Nous avons démonté un projecteur dans notre studio pour voir son fonctionnement de l’intérieur. Lorsqu’on a enlevé le film polarisant, le film disparaissait et se transformait en spot de lumière. Mais lorsqu’on plaçait le film polarisant entre la surface et la lentille, le film réapparaissait. Ça m’a donné l’idée de marcher sous un projecteur avec un parapluie qui projetterait la vidéo dans son ombre. Nous avons complètement remplacé la vidéo par rapport à la première fois que l’œuvre a été montrée et avons travaillé sur les pavés de la ville de Paris en ajoutant plus d’éléments liés à la pluie et aux fleurs.
En 2008, vous avez conçu la “Cabbage Chair” à partir de pliages de papier pour l’exposition “XXIst Century Man” dirigée par Issey Miyake à Tokyo. Vous avez depuis réalisé deux concepts de boutiques pour lui à Tokyo également. Qu’avez-vous appris de lui à propos du rôle d’un designer ?
Monsieur Miyake m’a dit il y a dix ans que la grande différence entre un artiste et un designer est qu’un artiste peut librement transmettre toutes sortes d’émotions, comme la tristesse, la colère ou la peur. Alors que le rôle d’un designer est de transmettre la joie. Pour moi, autant le designer que l’artiste ont cette mission de transmettre la joie aux gens. Il s’agit de montrer aux autres comment voir les choses différemment, enrichir leur vie et leur permettre de profiter de chaque jour. En tant que designer, il est important de ne pas éviter les problèmes, mais bien d’essayer de les défier. Je prends autant de plaisir face aux succès qu’aux situations problématiques parce qu’elles font toutes partie de moi.
Comment définiriez-vous votre philosophie, et qu’est-ce qu’un bon design selon vous ?
La légèreté et la simplicité me sont très chères, mais ma philosophie première est la fonction. J’aime le terme “fonctionnel” parce qu’il contient le mot “fun” (en anglais “functional”). En plus d’être doté d’une certaine fonction, un objet doit avoir un élément émotionnel qui lie les gens, les espaces et les objets entre eux. C’est particulièrement vrai pour le design japonais qui peut parfois paraître minimaliste et froid. Les gens peuvent donc avoir peur de l’objet. Un peu d’humour et un élément de surprise sont comme une épice dans un plat: c’est un liant.
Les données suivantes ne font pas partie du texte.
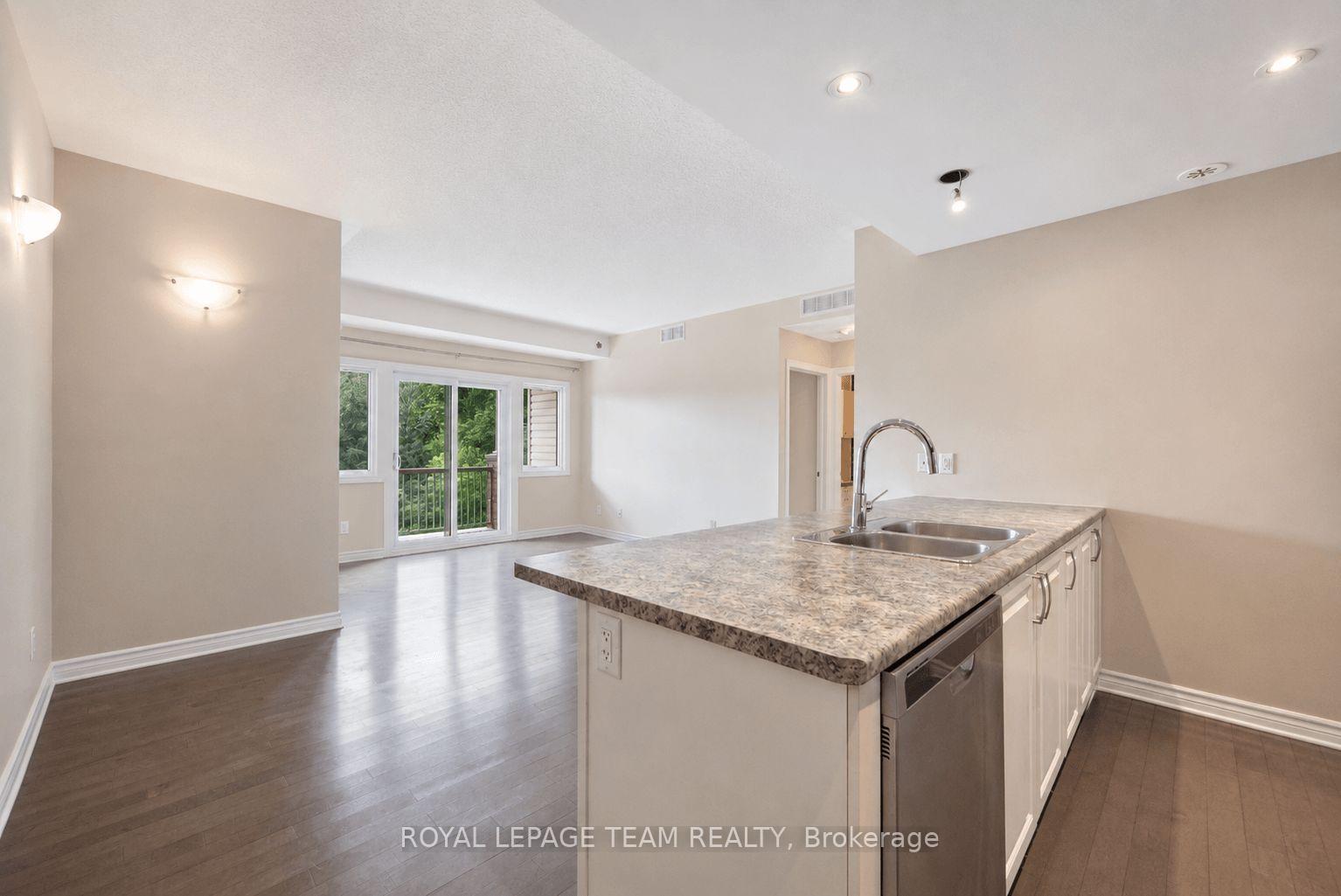 Photo 12 of Unit i, 366 Wood Acres Grove, Ottawa, Blossom Park/Kemp Park/Findlay Creek — HOMEH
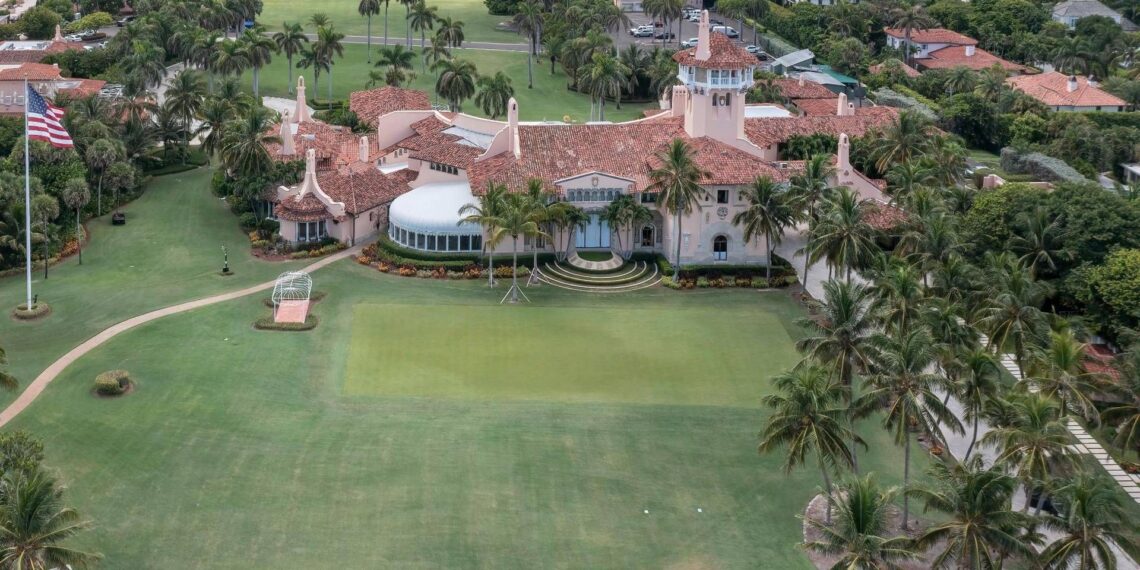 Tenta di entrare nella residenza di Trump, uomo armato ucciso a Mar-a-Lago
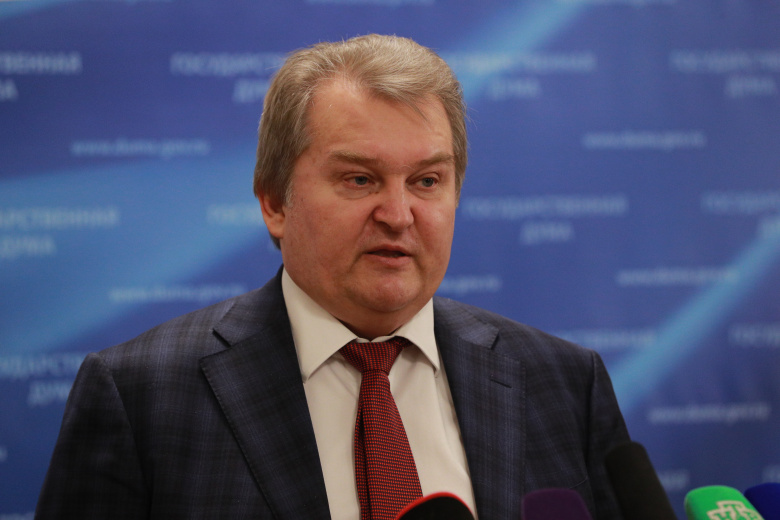 Михаил Емельянов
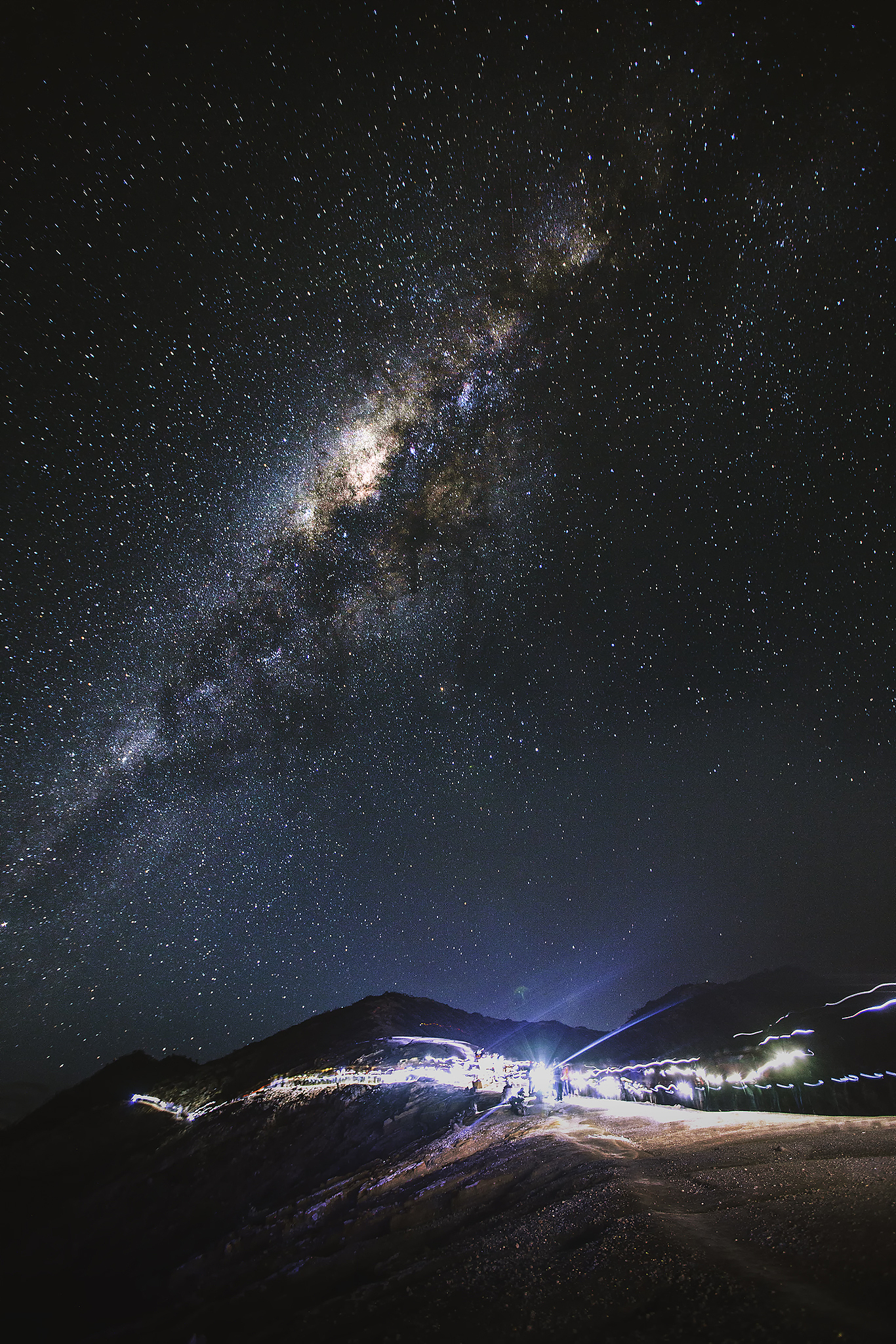 《日本天文学会出版物》：日本顶级天文学学术期刊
Je veux créer quelque chose qui soit facile à comprendre pour tous, même pour des enfants ou pour des personnes n’ayant pas particulièrement de culture du design. Un bon design est celui qui peut s’expliquer à votre mère ou à un enfant au téléphone, et qui capte leur attention. Il ne s’agit pas de formes ou de couleurs, mais de l’histoire derrière l’objet.
Qu’allez-vous montrer pendant le Salone del Mobile en avril ?
Je pense que nous allons montrer une petite exposition dans le showroom de Cappellini avec qui nous travaillons depuis 2003. Ce sera comme une rétrospective de toutes les pièces que nous avons créées pour eux au cours des 18 dernières années. Quelque chose d’interactif, comme “Uncovered Skies”, qui jouera avec la lumière et les ombres pour mettre en avant notre collaboration.